To reiterate, much of the work presented here is based on a paper called "Ratio based stable in-place merging", by Pok-Son Kim and Arne Kutzner [PDF]. The main differences are the removal of the movement imitation buffer s1 t s2, interlacing the "block rolling" with the local merges, and adapting it to work efficiently with a bottom-up merge sort.
The basic idea
The core of efficient in-place merging relies on the fact that merging two sorted arrays, A and B, is equivalent to breaking A into evenly sized blocks, inserting them into B, then merging each A block with any values from B that follow it. So instead of approaching the problem like this:
[ A ][ B ]
We think of it like this:
1. break A into evenly sized blocks
[ A ][ A ][ A ][ A ][ A ][ A ][ A ][ B ]
2. insert them into B where they belong
(the rule for inserting is that the first value of each A block must be
less than or equal to the first value of the next B block)
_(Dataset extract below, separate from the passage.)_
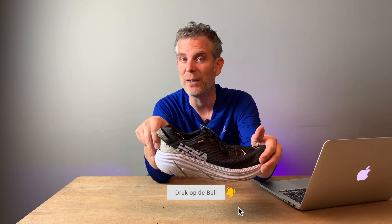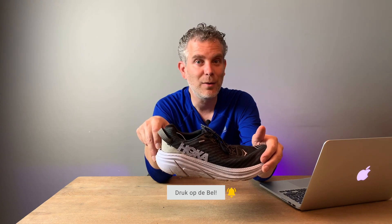Als je nieuw bent op dit kanaal, klik dan even op het belletje. Op die manier abonneer je op mijn kanaal en krijg je iedere week een melding dat ik een nieuwe video heb gemaakt. En in die video's geef ik je tips en tools over hardlopen.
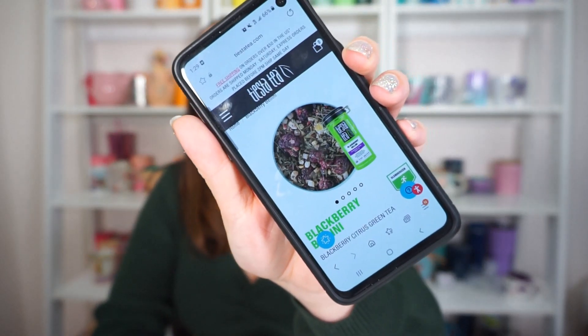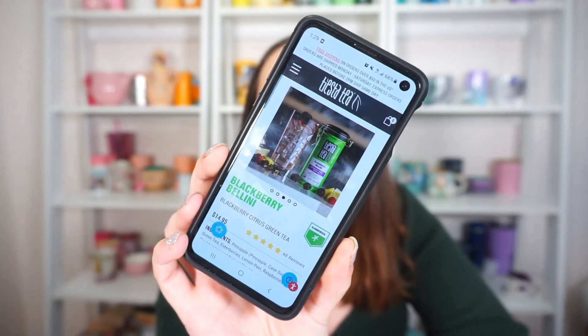Let's go on Tiesta's website and see if there's anything else we can find out about Blackberry Bellini. It looks like most people would probably drink this iced, but if you know me, you know I drink everything hot. In the picture I'm seeing some large raspberries — I definitely don't have raspberries or blackberries that big, just small pieces, so I'm seeing a bit of a difference. Maybe it's just because it's a smaller container. It smells so good. They're showing it as an iced tea, but I'm just not into iced tea — I actually went the whole summer without making a cup of iced tea at all. I drink hot tea all year.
[ A ][ B ][ A ][B][ A ][ A ][ B ][ A ][ B ][ A ][B][ A ][ B ]
3. merge each [A][B] combination
[ A ][ B ] [ A ][B] [ A ] [ A ][ B ] [ A ][ B ] [ A ][B] [ A ][ B ]
4. all finished!
[ A + B ] [ A + B] [ A ] [ A + B ] [ A + B ] [ A + B] [ A + B ]
= [ A + B ][ A + B][ A ][ A + B ][ A + B ][ A + B][ A + B ]
= [ A + B ]
That's the general idea, but it raises some questions:
- What size should each A block be?
- What does it mean to "break A into blocks"?
- How exactly do we "insert" each A block into B without it being an n^2 operation?
- Merge each [A][B] combination? Wasn't that what we were already trying to do?
First let's answer the first question, because it's only fitting that we answer them in order. Each A block should be of size √(A.length), which incidentally means there will be √(A.length) number of A blocks as well. You'll see why we use that size at the end of this chapter.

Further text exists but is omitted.